Domingo XXX del T.O.: Solo la humildad nos salvará. Un corazón grande capaz de hacerse pequeño.

 

Eclesiástico: El Señor es juez, y para él no cuenta el prestigio de las personas. Para él no hay acepción de personas en perjuicio del pobre, sino que escucha la oración del oprimido. No desdeña la súplica del huérfano, ni a la viuda cuando se desahoga en su lamento. Este libro sapiencial nos advierte de cómo recibe Dios nuestras oraciones, no hay bandeja de entrada premium para “gente importante” y en todo caso, da prioridad a los casos difíciles, a los humildes: La oración del humilde atraviesa las nubes, y no se detiene hasta que alcanza su destino. Dios mira el corazón y para él cuenta la actitud y la predisposición con la que nos dirigimos a Él y a los demás. Por eso para Él cuentan las peticiones de huérfanos y viudas que -en aquel tiempo y cultura- eran los totalmente desamparados porque no tenían poder, ni riqueza, ni nadie que pudiera hablar por ellos (un varón adulto). Dios sí los tiene en cuenta.

A propósito de esta reflexión sobre el prestigio del Eclesiástico: ¿Dónde ponemos nuestro orgullo, nuestro amor propio? ¿En nuestros títulos y estudios? ¿En nuestras riquezas? ¿En nuestro apellido o linaje? ¿En nuestro coche o casa? ¿En nuestra manera de ser? ¿En nuestros actos o buen corazón?

Lucas nos enseña esto. Hay distintos modos de orar: El fariseo oraba así: “¡Oh Dios!, te doy gracias porque no soy como los demás hombres: ladrones, injustos, adúlteros; ni tampoco como ese publicano. Ayuno dos veces por semana y pago el diezmo de todo lo que tengo”. El publicano, en cambio, quedándose atrás, no se atrevía ni a levantar los ojos al cielo, sino que se golpeaba el pecho diciendo: “Oh Dios!, ten compasión de este pecador”. Hay que tener cuidado con el primer modo de orar, donde me comparo con otros y caigo en el desprecio o la crítica a otros. Mejor que cada uno se ocupe de sí mismo, no sea que andemos queriendo quitar motas en ojos ajenos cuando tenemos vigas en los propios. Mejor abandonar el “orgullo de las buenas obras hechas” que tiene el fariseo y que le llevan a creerse superior a los demás por cumplir una serie de ritos o prescripciones religiosas.
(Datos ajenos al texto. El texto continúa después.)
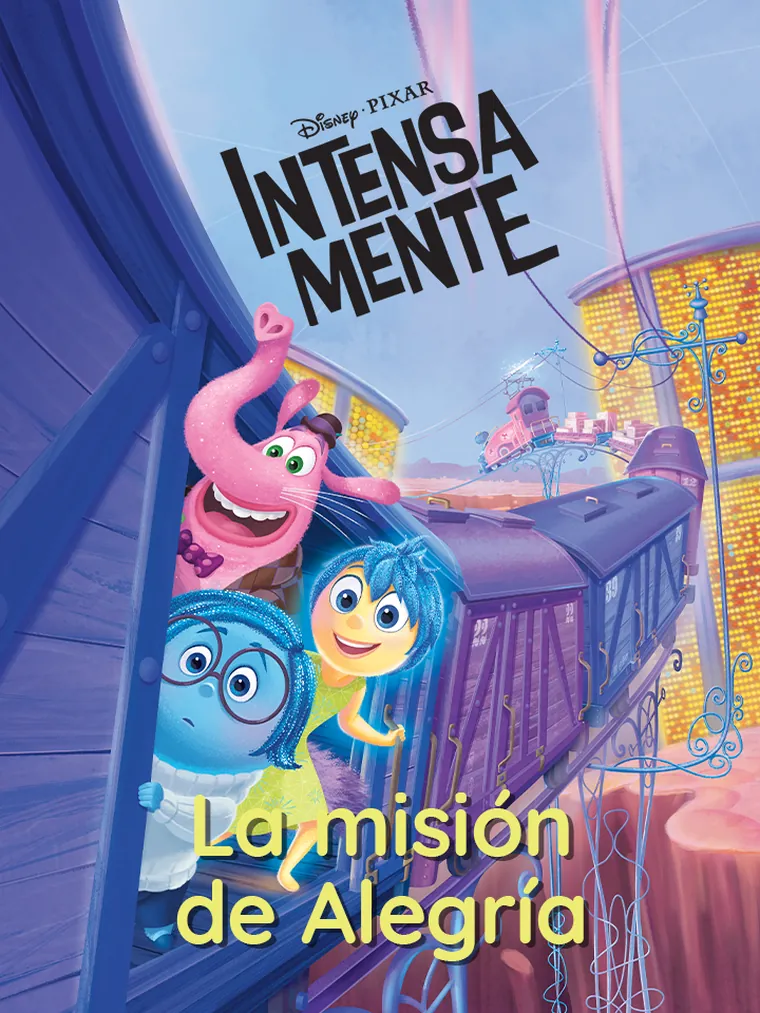 Intensamente: La misión de Alegría (Bug Club Independent Year 2 White B)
Hay una falsa humildad también muy propia de fariseos que oigo en algunos creyentes: “yo soy el peor de los pecadores, un caso perdido”. Casos de gente que habla de sí mismo con desprecio, pero a la vez presientes el orgullo que encierran sus palabras. Falsos. Viven una máscara. La oración del publicano es diferente, no pretende grandezas, reconoce su pequeñez y debilidad y pide a Dios misericordia. Es una oración sincera y honesta, sin alardes, sin ínfulas, sin presumir de nada.

A propósito del Dios que escucha y protege a los humildes (1ª lect y evangelio de hoy) cito a mi amigo Javier Roncalés, abogado experto en temas de migración: “Hace unos días, muchos medios de comunicación recogían con gran escándalo el caso de un joven marroquí acusado de haber intentado quemar viva a una menor en Las Palmas de Gran Canaria. Las redes se llenaron de titulares y mensajes de odio, de juicios rápidos y condenas sumarias. Sin embargo, pocas semanas después, la historia dio un giro radical: el supuesto agresor parecía ser, en realidad, quien salvó la vida de la chica en un accidente fortuito. De “monstruo” pasó a héroe. Este caso nos invita a una profunda reflexión moral y social. No puedo dejar de pensar en la facilidad con la que absorbemos las versiones que nos ofrecen los medios sin adoptar una postura mínimamente prudente.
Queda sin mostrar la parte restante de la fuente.